I think the reason is sounds so odd is: how the hell is Omega calculating what your answer would have been if 1=0?
If what Omega is really calculating is what you would have done if you were merely told something equivalent to 1=0, then sure, paying up can make sense.
It seems to me that the relevant difference between “1=0” and “the billionth digit of pi is even” is that the latter statement has a really long disproof, but there might be a much shorter proof of what the agent would do if that statement were true. Or at least I imagine Omega to be doing the same sort of proof-theoretic counterfactual reasoning that’s described in the post. Though maybe there’s some better formalization of Counterfactual Mugging with a logical coin that we haven’t found...
Even if you’re cutting off Omega’s proofs at some length, there are plenty of math problems that people can’t do that are shorter than high-probability predictions that people will or won’t pay up. Certainly when I imagine the problem, I imagine it in the form of predicting someone who’s been told that the trillionth digit of pi is even and then paying out to that person depending on their counterfactual actions.
Of course, that leads to odd situations when the agent being predicted can do the math problem, but Omega still says “no bro, trust me, the trillionth digit of pi really is even.” But an agent who can do the math will still give Omega the money because decision theory, so does it really matter?
If you’re proposing to treat Omega’s words as just observational evidence that isn’t connected to math and could turn out one way or the other with probability 50%, I suppose the existing formalizations of UDT already cover such problems. But how does the agent assign probability 50% to a particular math statement made by Omega? If it’s more complicated than “the trillionth digit of pi is even”, then the agent needs some sort of logical prior over inconsistent theories to calculate the probabilities, and needs to be smart enough to treat these probabilities updatelessly, which brings us back to the questions asked at the beginning of my post… Or maybe I’m missing something, can you specify your proposal in more detail?
Well, I was thinking more in terms of a logical prior over single statements, see my favorite here.
But yeah I guess I was missing the point of the problem.
Also: suppose Omega comes up to you and says “If 1=0 was true I would have given you billion dollars if and only if you would give me 100 dollars if 1=1 was true. 1=1 is true, so can you spare $100?” Does this sound trustworthy? Frankly not, it feels like there’s a principle of explosion problem that insists that Omega would have given you all possible amounts of money at once if 1=0 was true.
A formulation that avoids the principle of explosion is “I used some process that I cannot prove the outcome of to pick a digit of pi. If that digit of pi was odd I would have given you a billion dollars iff [etc].”
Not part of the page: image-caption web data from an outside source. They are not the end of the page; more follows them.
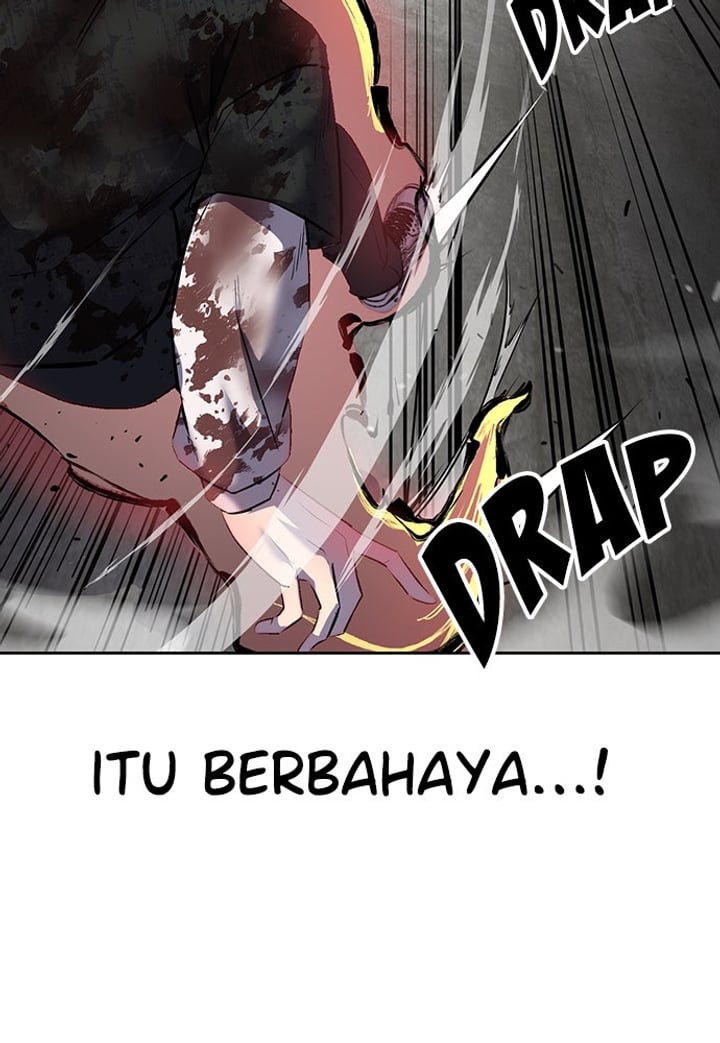 Baca The Boy of Death Chapter 254 Bahasa Indonesia page 188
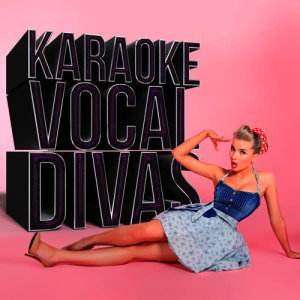 ดาวน์โหลดและฟังเพลง In My Life (In the Style of Bette Midler) [Karaoke Version] พร้อมเนื้อเพลงจาก Ameritz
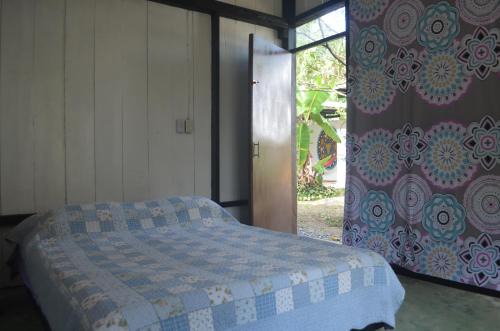 Duni Hostel in Mocoa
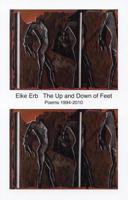 The Up and Down of Feet 1936194236 Book Cover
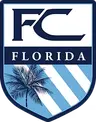 FC Florida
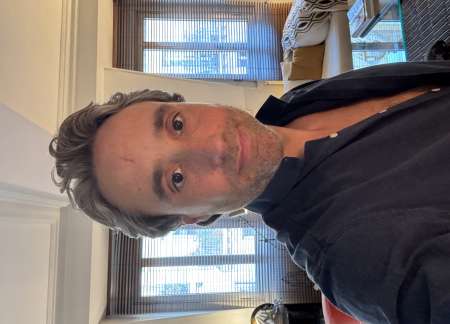 Envie d�une rencontre sympa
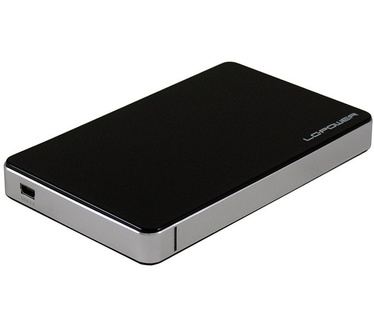 LC-Power LC-25U3B-ELektra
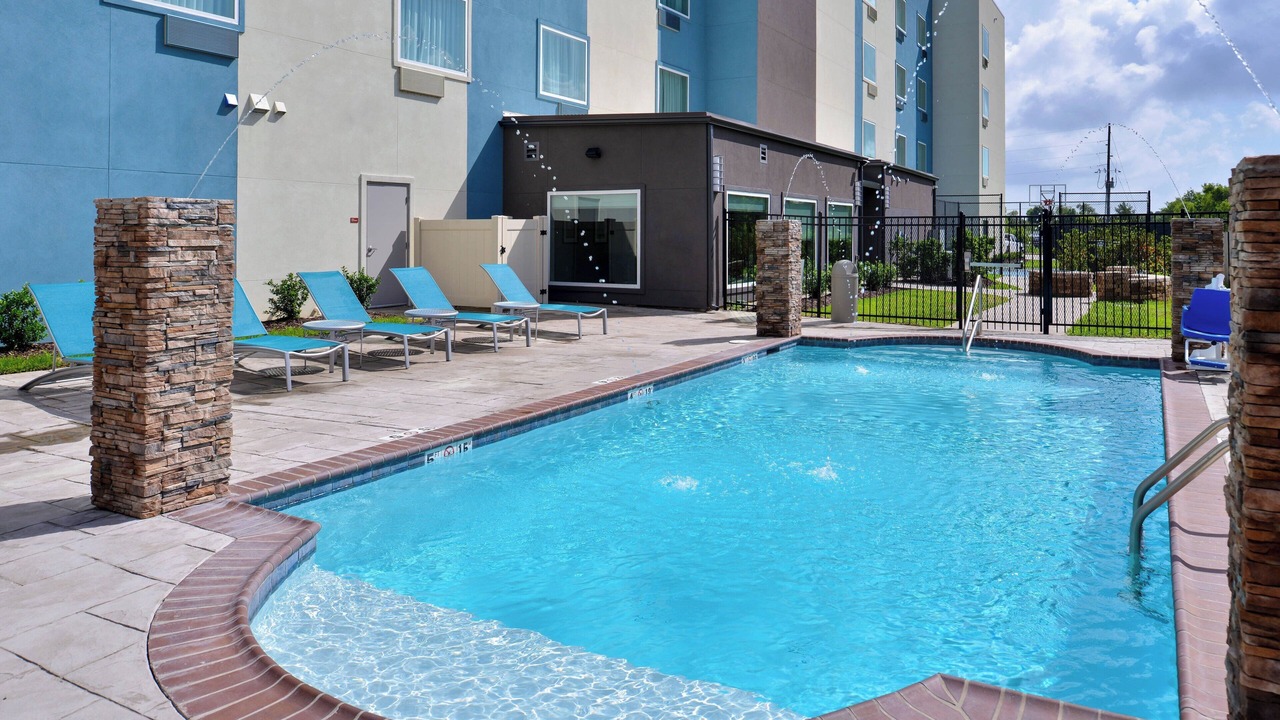 Photo of Outdoor in LaPlace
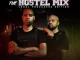Josiah De Disciple The Hostel Mix Download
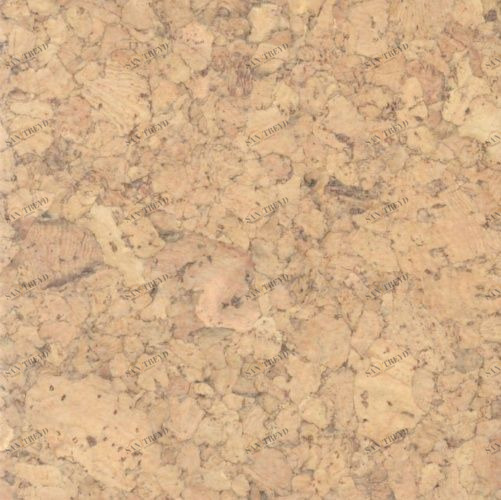 Пробка Corksribas E-Cork 9 (Гладкая) 905х295 мм 1701400012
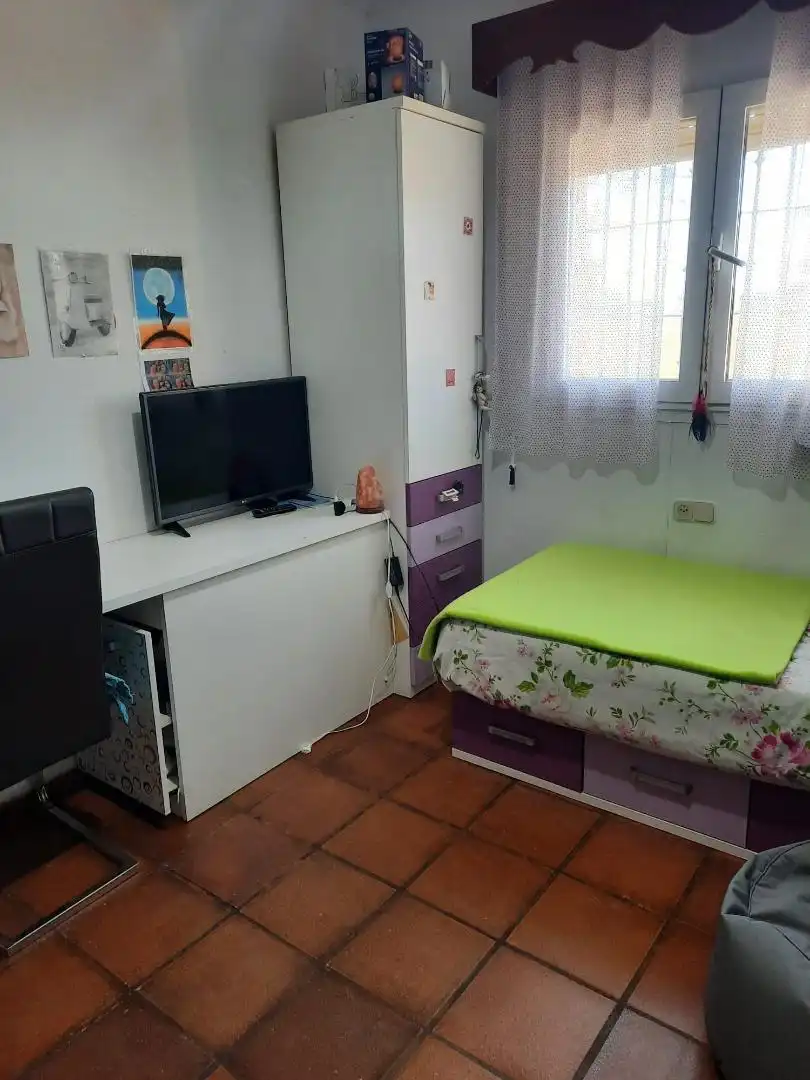Houses for sale in Camino del Témpano, 4, Las Lagunas - Campano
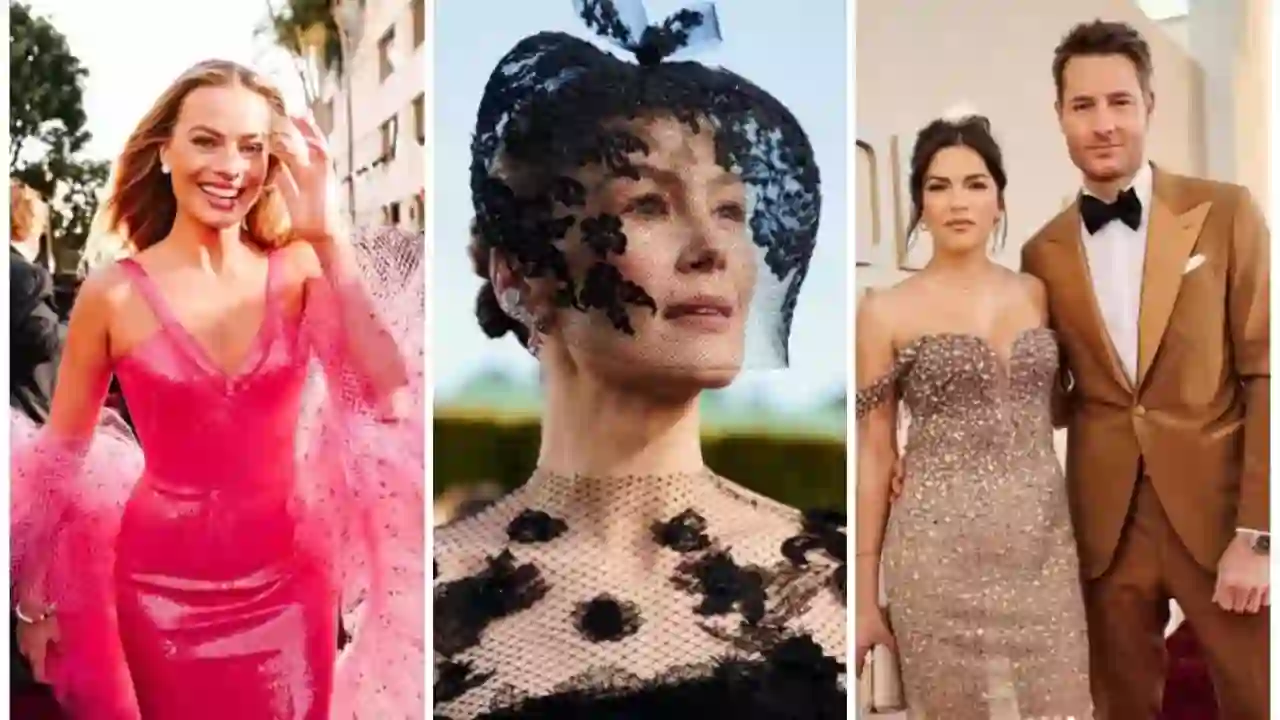 https://www.mobilemasala.com/fashion/Golden-Globes-red-carpet-2024---Quinta-Brunson-Rosamund-Pike-Margot-Robbie-appear-in-dazzling-outfits-check-here-i204180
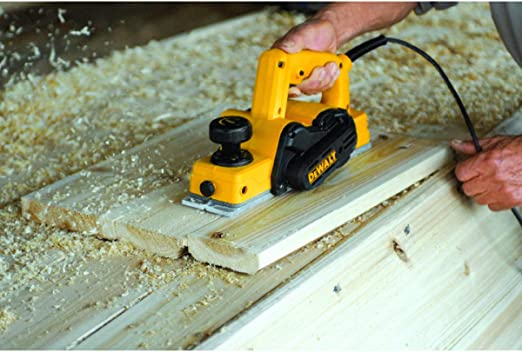plaina_dewalt_17000rpm_550w_blackdecker_127v__D26676BR_2454703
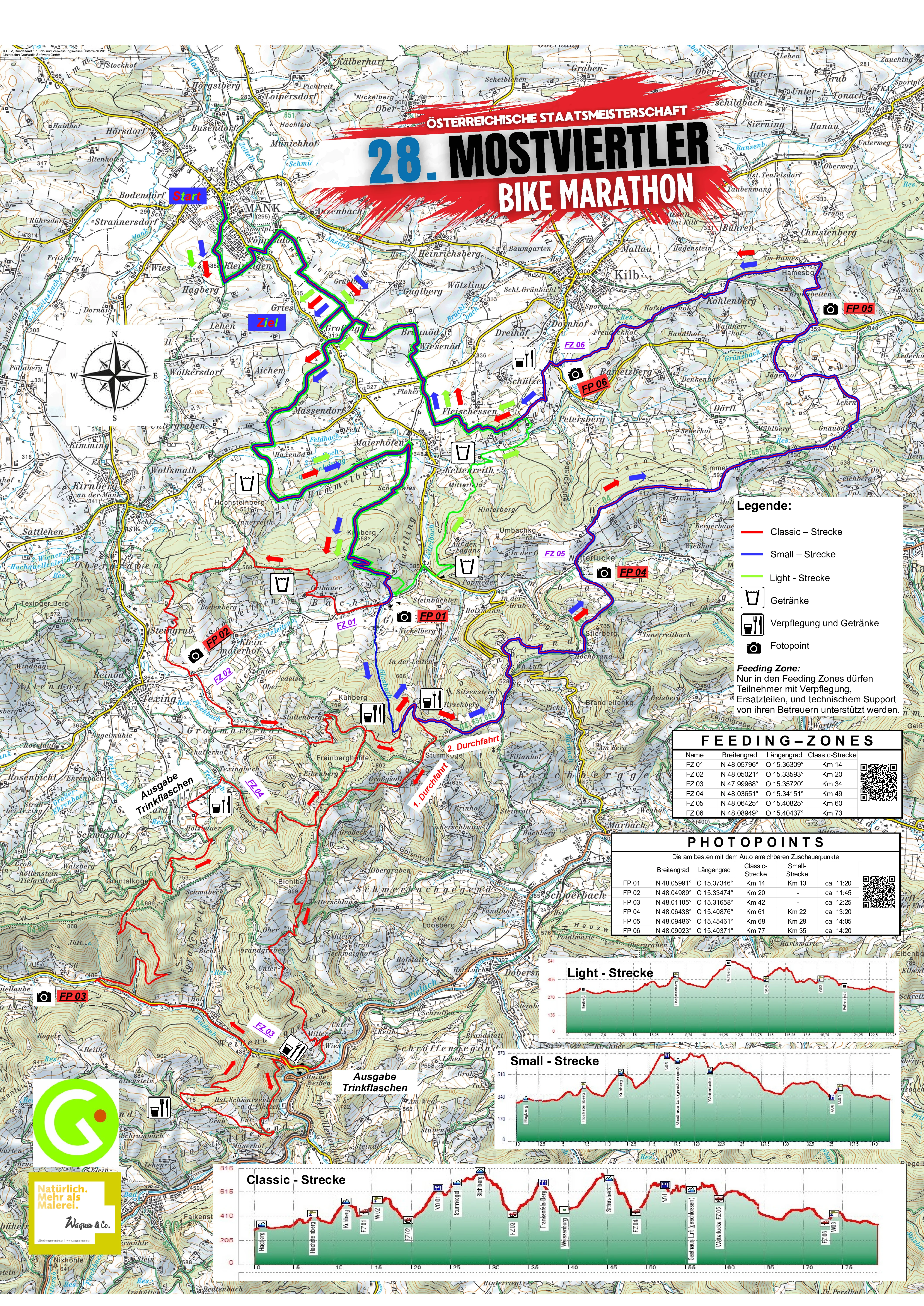 Streckenplan_2026_A0_260801_141436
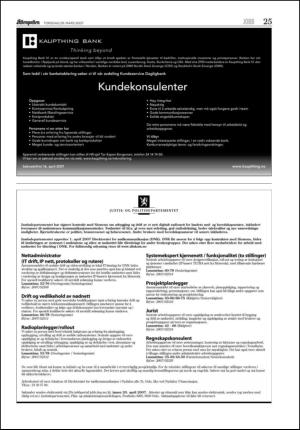 aftenposten_kultur-20070329_000_00_00_025.pdf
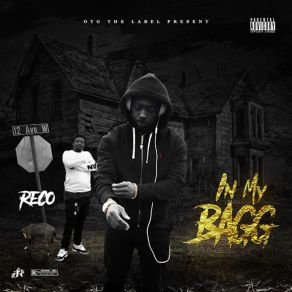 Download track In My Bagg Reco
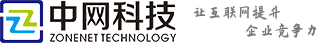 網(wǎng)站建設(shè)專(zhuān)家-善微科技，為你提供高品質(zhì)網(wǎng)站建設(shè)服務(wù)！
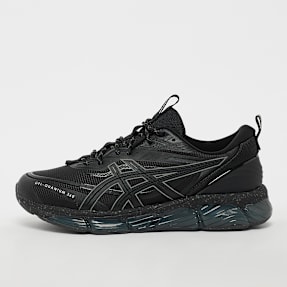 ASICS SportStyle Gel-Quantum 360 VIII preto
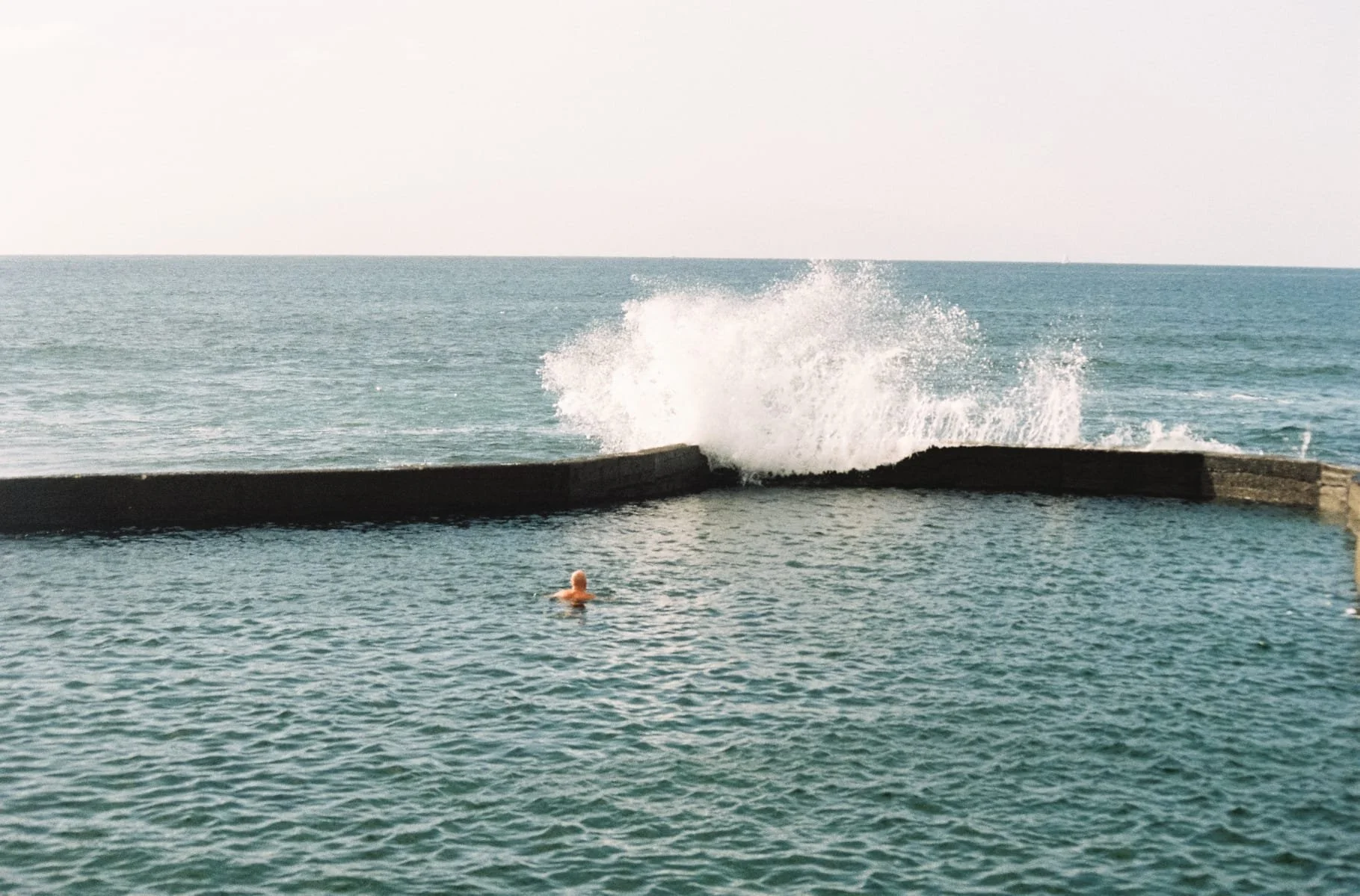 WhatsApp Image 2026-04-10 at 19.45.51.jpeg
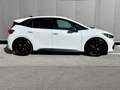 CUPRA Born Alpha 58kWh Bianco - thumbnail 3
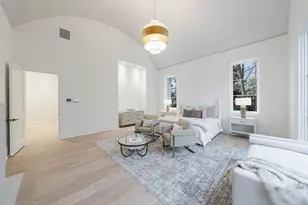 2983 Habersham Ct NW, Atlanta, GA 30305 - Photo 49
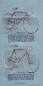 Preview: Dürkopp Fahrrad Programm 1937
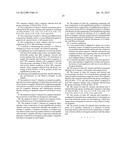 COMPOSITIONS FOR USE IN IDENTIFICATION OF BABESIA BIOAGENTS diagram and image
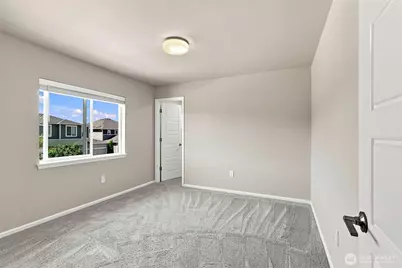 23624 228th Place SE, Maple Valley, WA 98038 - Photo 27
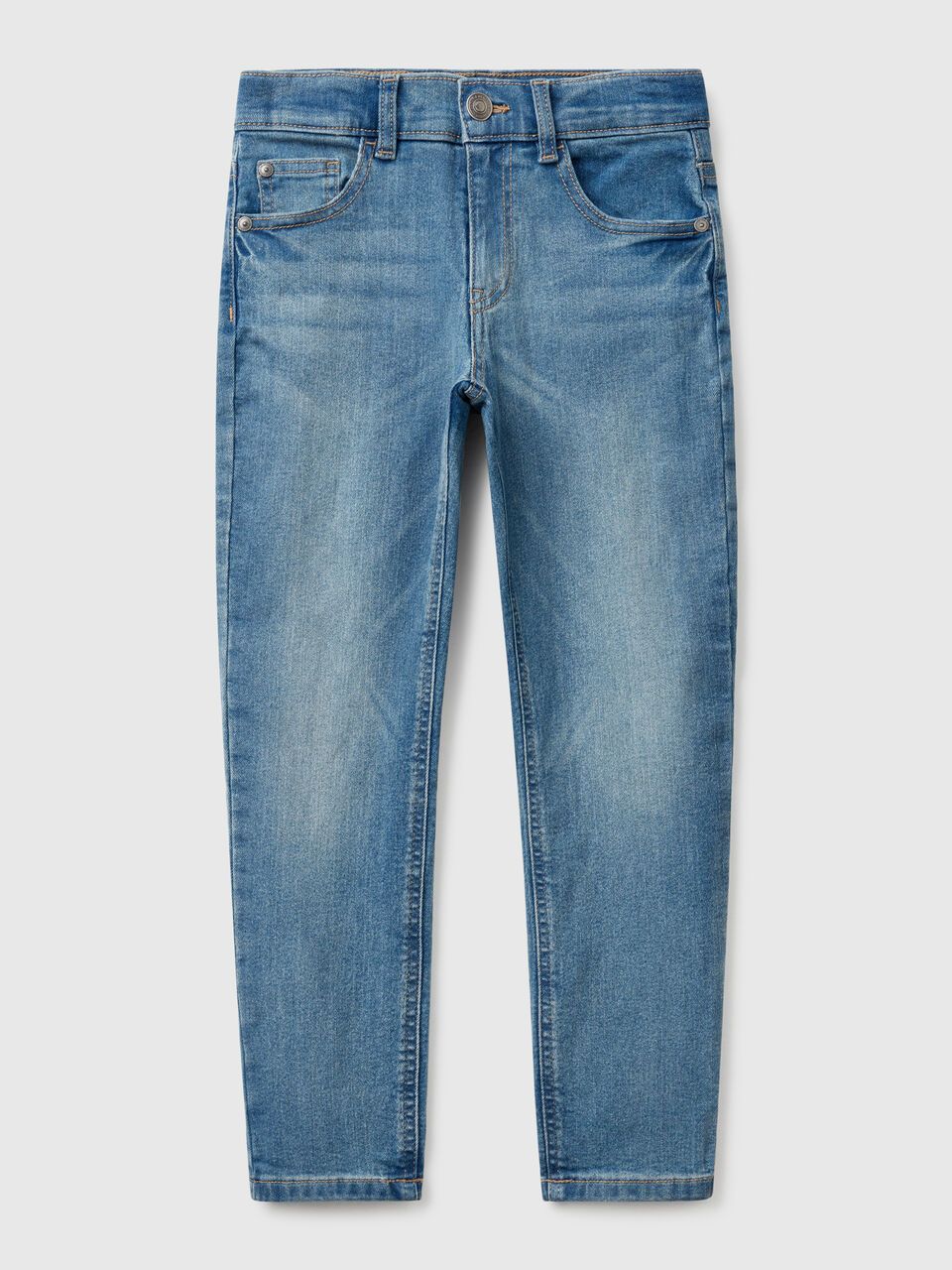 TROUSERS Garçon image number null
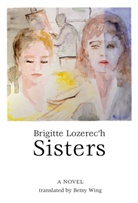 &amp;apos, Brigette Wing h, Lozerec&amp;apos, Brigitte Lozerech, Brigitte Lozerec'h, Brigette Wing Lozerec''h... - Sisters
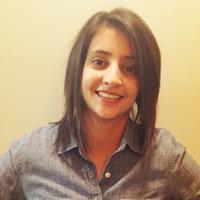 Zafrina Poonja (@zafrinapoonja) 's Twitter Profile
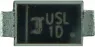 SMF6.5CA Diotec TVS Diodes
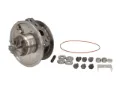 Cartucho de turbina Skoda Octavia 1Z3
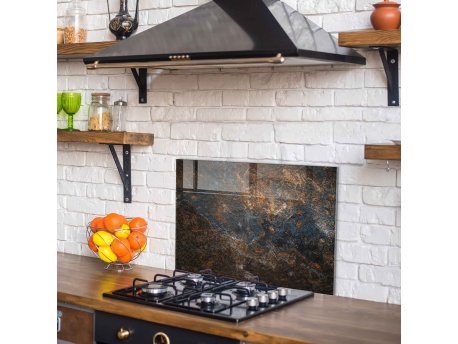 WALLXPERT Dekorativna slika 1499 (50 x 70)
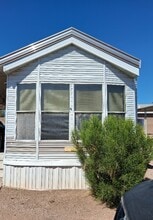 Building Photo - 275 N Saguaro Dr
Hm, yeah, that sounds really odd.
I think the reason is sounds so odd is: how the hell is Omega calculating what your answer would have been if 1=0?
If what Omega is really calculating is what you would have done if you were merely told something equivalent to 1=0, then sure, paying up can make sense.
It seems to me that the relevant difference between “1=0” and “the billionth digit of pi is even” is that the latter statement has a really long disproof, but there might be a much shorter proof of what the agent would do if that statement were true. Or at least I imagine Omega to be doing the same sort of proof-theoretic counterfactual reasoning that’s described in the post. Though maybe there’s some better formalization of Counterfactual Mugging with a logical coin that we haven’t found...
Even if you’re cutting off Omega’s proofs at some length, there are plenty of math problems that people can’t do that are shorter than high-probability predictions that people will or won’t pay up. Certainly when I imagine the problem, I imagine it in the form of predicting someone who’s been told that the trillionth digit of pi is even and then paying out to that person depending on their counterfactual actions.
Of course, that leads to odd situations when the agent being predicted can do the math problem, but Omega still says “no bro, trust me, the trillionth digit of pi really is even.” But an agent who can do the math will still give Omega the money because decision theory, so does it really matter?
If you’re proposing to treat Omega’s words as just observational evidence that isn’t connected to math and could turn out one way or the other with probability 50%, I suppose the existing formalizations of UDT already cover such problems. But how does the agent assign probability 50% to a particular math statement made by Omega? If it’s more complicated than “the trillionth digit of pi is even”, then the agent needs some sort of logical prior over inconsistent theories to calculate the probabilities, and needs to be smart enough to treat these probabilities updatelessly, which brings us back to the questions asked at the beginning of my post… Or maybe I’m missing something, can you specify your proposal in more detail?
Well, I was thinking more in terms of a logical prior over single statements, see my favorite here.
But yeah I guess I was missing the point of the problem.
Also: suppose Omega comes up to you and says “If 1=0 was true I would have given you billion dollars if and only if you would give me 100 dollars if 1=1 was true. 1=1 is true, so can you spare $100?” Does this sound trustworthy? Frankly not, it feels like there’s a principle of explosion problem that insists that Omega would have given you all possible amounts of money at once if 1=0 was true.
A formulation that avoids the principle of explosion is “I used some process that I cannot prove the outcome of to pick a digit of pi. If that digit of pi was odd I would have given you a billion dollars iff [etc].”